Of course, Lennon wasn’t kidding, as The Beatles had been popping pills since at least 1960 and smoking weed since being “turned-on” by Bob Dylan in 1964. Simon Wells exclusively explains for Dangerous Minds:

The Beatles took a chartered jet to the Bahamas for the start of filming of Help! on Monday 22nd February 1965. Perversely as it may seem, the Beatles’ manager Brian Epstein had become intoxicated with the idea of tax shelters and havens—and after his dismal performance of selling off the Beatles rights to A Hard Day’s Night for little more than the average house price in Britain, he sensed an idea to set up an offshore interest in the Bahamas, hoping that the money from the film would escape the extortionate financial red tape and punitive taxes that would attract to the film’s future successes.

To defer suspicions, Epstein cooked up the idea of filming part of Help! in the Bahamas and so eager was he to establish a presence there, filming for what would be the finale of the movie was shot first. Temperatures at a constant high for the area, the group would have to shield themselves from the likelihood of considerable tanning – an issue that would have colored (excuse pun) the earlier shots in the film, all set in London. Nonetheless, The Beatles knew little about this, and happily trundled onto the caravan of filming—the shores of Nassau were far more attractive than a gloomy British February. Equally, it meant a break from the rigours of touring, something they had grown to hate.

The group’s plane continued the majority of the film’s attendant circus, plus a few liggers and reporters to help things along. The nine-hour flight requiring more than just alcoholic sustenance, the band happily tugged on a succession of marijuana joints to elevate the time between touching down in the Bahamas. Since August the previous year when Bob Dylan famously turned the band onto the magical herb, the group had indulged heavily in the newly found pursuit.
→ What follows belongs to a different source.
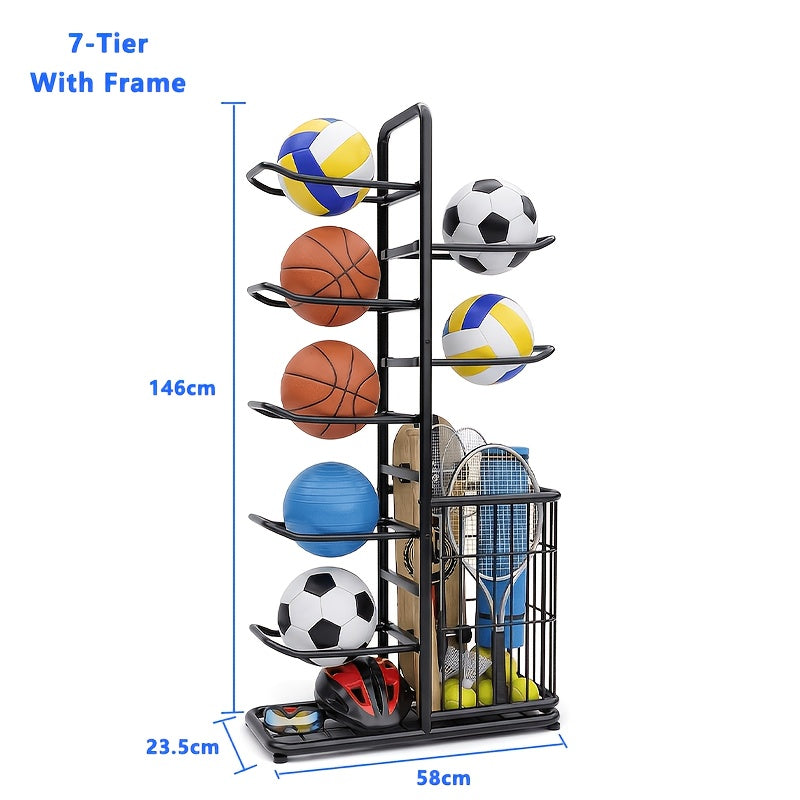 Sports Ball Storage Rack detail view 18 for Australian shoppers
The effects were immediate on their dress and music, heavy shades and dissonant chords were now pitting their senses; introspection tossing “boy meets girl” out of the window.
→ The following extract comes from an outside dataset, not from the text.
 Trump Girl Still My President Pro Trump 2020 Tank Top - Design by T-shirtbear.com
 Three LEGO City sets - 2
While the media were well aware that The Beatles (and most of the other groups of the period) took drugs, there was no need for them to spill the beans and spoil the party. By 1965 standards, The Beatles were still good cheeky copy—guaranteed to bring a smile to the nation’s breakfast tables, and still with the consent of Britain’s parents, the girls and boys could shower them with unbridled adoration. Behind closed doors in Buckingham Palace and at (the Prime Minister’s home) Number 10 Downing Street, plans were already afoot to adorn the band with the M.B.E. If an admission of naughty chemical use had surfaced prior to the award announcement, it would have clearly stymied the whole pantomime. The press knew this too—so all was on course to preserve the Fab’s innocence—for the time being.
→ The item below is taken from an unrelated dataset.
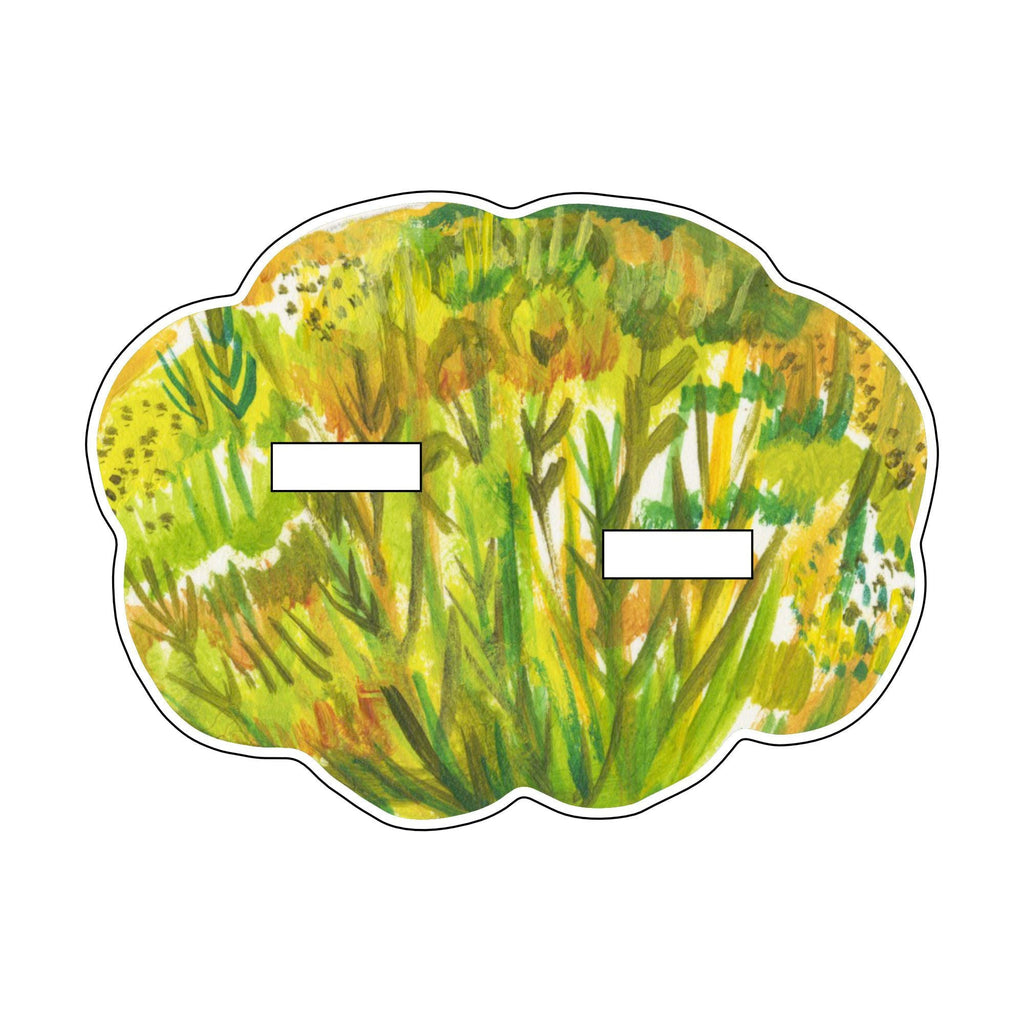 Grasses Double Stand KHA-S008 | 0.50in. Acrylic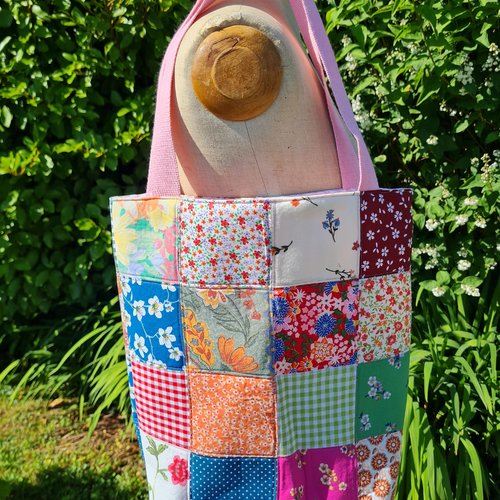 Joli sac unique artisanal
For those who chart such things, this is the first admission from a Beatle that drugs were now a part of their lives. The evident shock from the reporter is testament to the disbelief that these sweet boys could ever do such a thing. Predictably, the comment was not used in print, and it remained buried on the reporter’s tape – until now!

Simon Wells new book on The Beatles Eight Arms To Hold You is available from Pledge Music, details here.
 
After the jump, hear the recording…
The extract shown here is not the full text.